BANGKOK: A group of 20 foreign diplomats who visited Myanmar’s Rakhine state, where half a million ethnic Rohingya Muslims fled recent violence, have urged the government to allow access by humanitarian groups and by a United Nations fact-finding mission to investigate allegations of human rights violations.
But the Myanmar president’s spokesman, Zaw Htay, said on Tuesday the government would stick by its earlier decision to bar the UN mission. It has said the group, assembled after similar violence last October, was interfering in Myanmar’s affairs.
The diplomats, taken Monday on a guided government tour of the affected area, said in a joint statement that there was a dire need for humanitarian aid.
The crisis in Rakhine has drawn international concern because of the exodus of more than 500,000 Rohingya to Bangladesh in just a month’s time. The violence began when the army retaliated for raids on government security posts on Aug. 25 by the Arakan Rohingya Salvation Army, an insurgent group.

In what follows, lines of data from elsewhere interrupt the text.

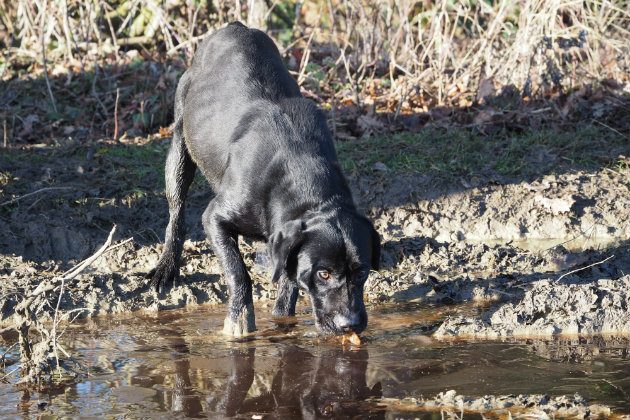 My Dog Drank From A Puddle 2025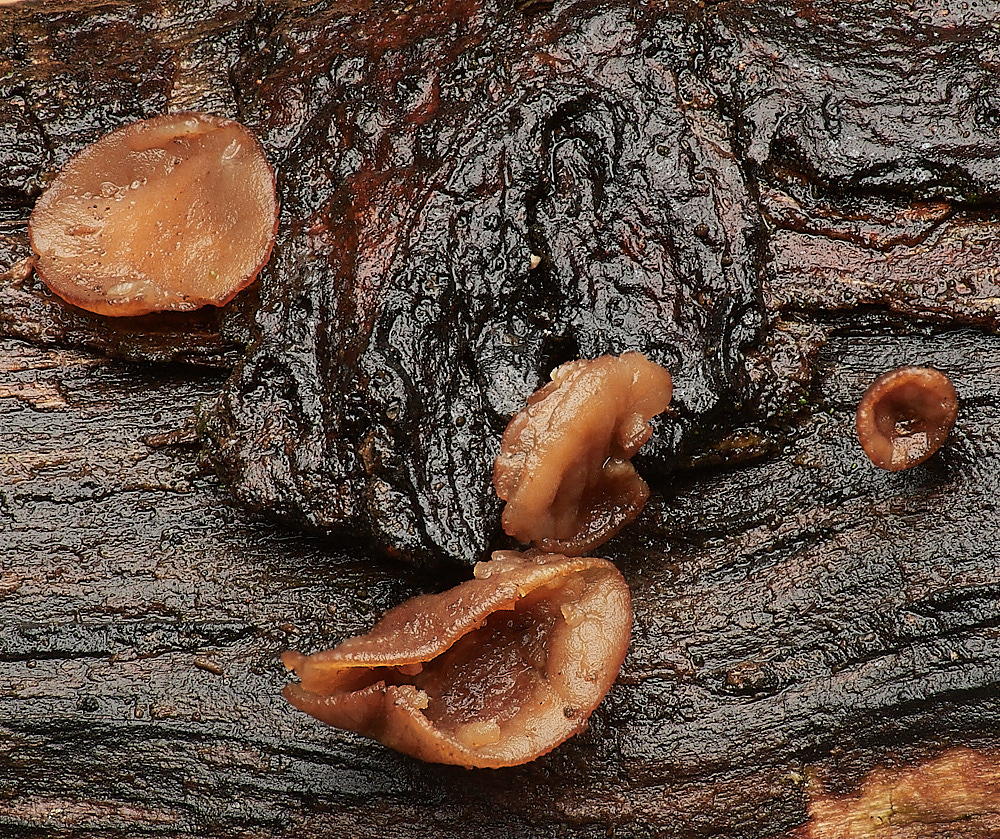 LadyBeltWoodBrownCup311222-4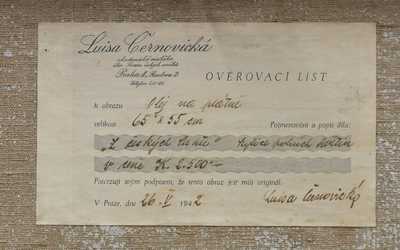  / Z českých luhů / Luisa Černovická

Human rights groups charge that the army has abused and killed civilians and burned down thousands of homes.
The diplomats’ statement condemned the insurgents’ initial attacks as well as the violence that followed it.
“We saw villages which had been burned to the ground and emptied of inhabitants. The violence must stop,” it said. “The security forces have an obligation to protect all people in Rakhine without discrimination and to take measures to prevent acts of arson.”